Depending on what you want to accomplish, wavelet basis can be an excellent choice. The best basis functions are task specific. For photography shearlet basis maybe even more appropriate.

Let me give a simple example. Say one wants to reflect 2D points along a line at 42 degrees. It's eminently doable in canonical basis but it's quite messy. Instead one can work off a different (rotated) basis such that that 42 degree line is now the x-axis. Now reflection is trivial. However the post reflection coordinates are in the new basis, so you invert the basis transformation to get your answer in the canonical basis.

For solving linear ODE with fixed coefficients you have a similiar situation where you transform to Laplace transform basis. In this basis the coefficient Matrix is a diagonal matrix, so it's trivial to solve. Then transform back (not always easy).

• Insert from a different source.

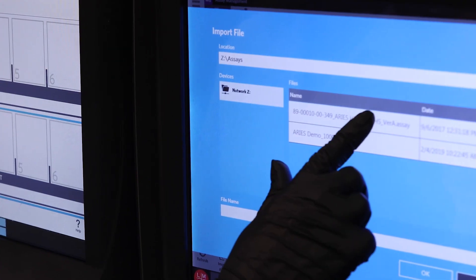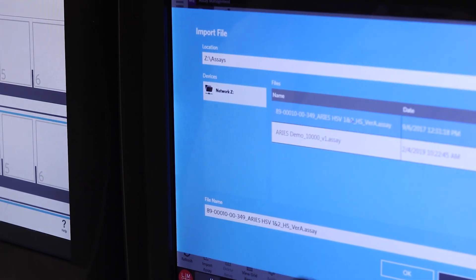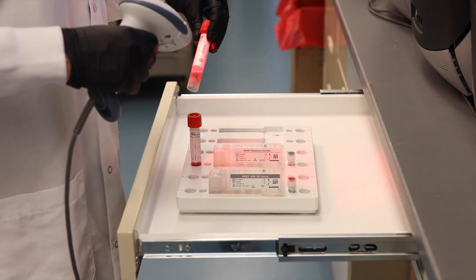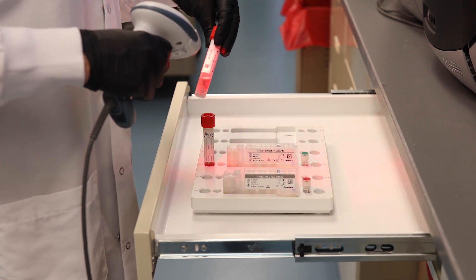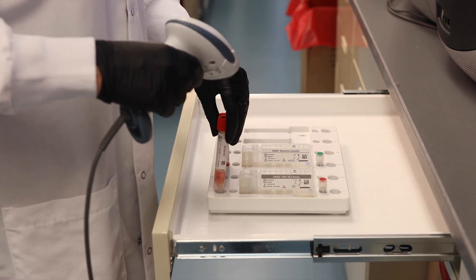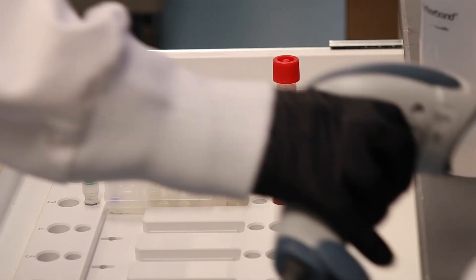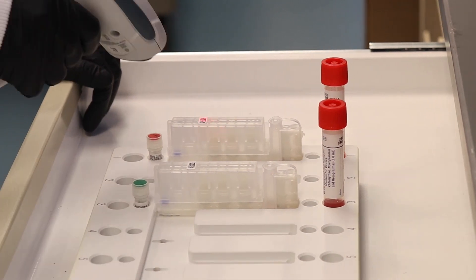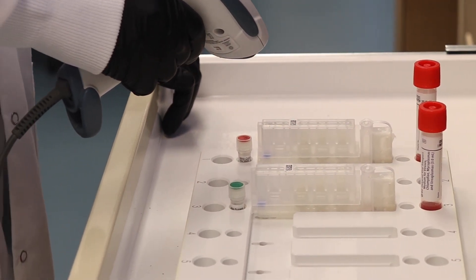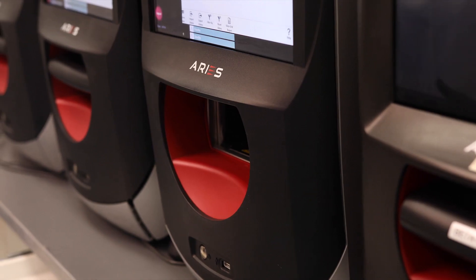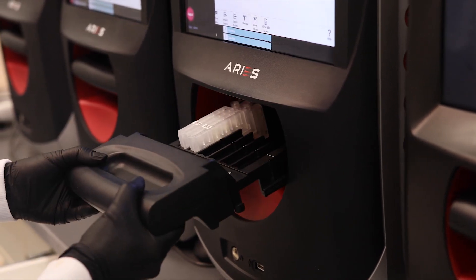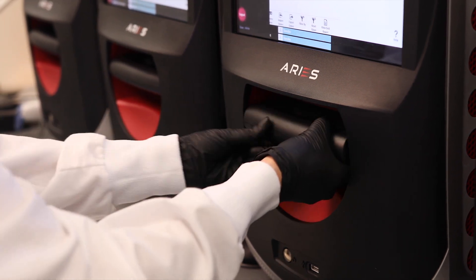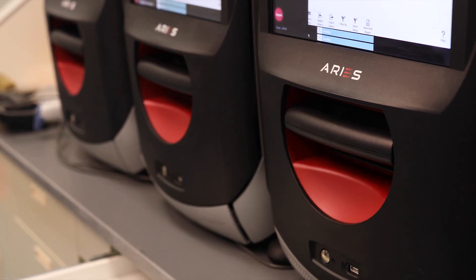On the Ares system or within synced software, you can create orders for each sample. Scan the cassettes and sample barcodes to automatically accession the sample ID and cassette lot information. Now place the magazine into the system and initiate the run.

For de-noising tasks you need a basis where noise and signal have drastically different coefficients when expressed in such basis. Then it's easy to knock out the offending parts.

Harmonic functions are smooth and have the 'averaging' property. If you know beforehand that your desired unknown function is smooth in a similar way, Harmonic functions (for the corresponding smoothness measuring linear operator - the Laplacian operator) is indeed a very good choice.

As a counterexample if you want to denoise a photograph but retain edges, then Fourier is not very convenient because both edges as well as noise have 'high frequency' heavy representation. If you throw out high frequency components, the edge pixels are going to be collateral damage. The problem is that in this basis, edges and noise look the same. Shearlets, curvelets will do better here.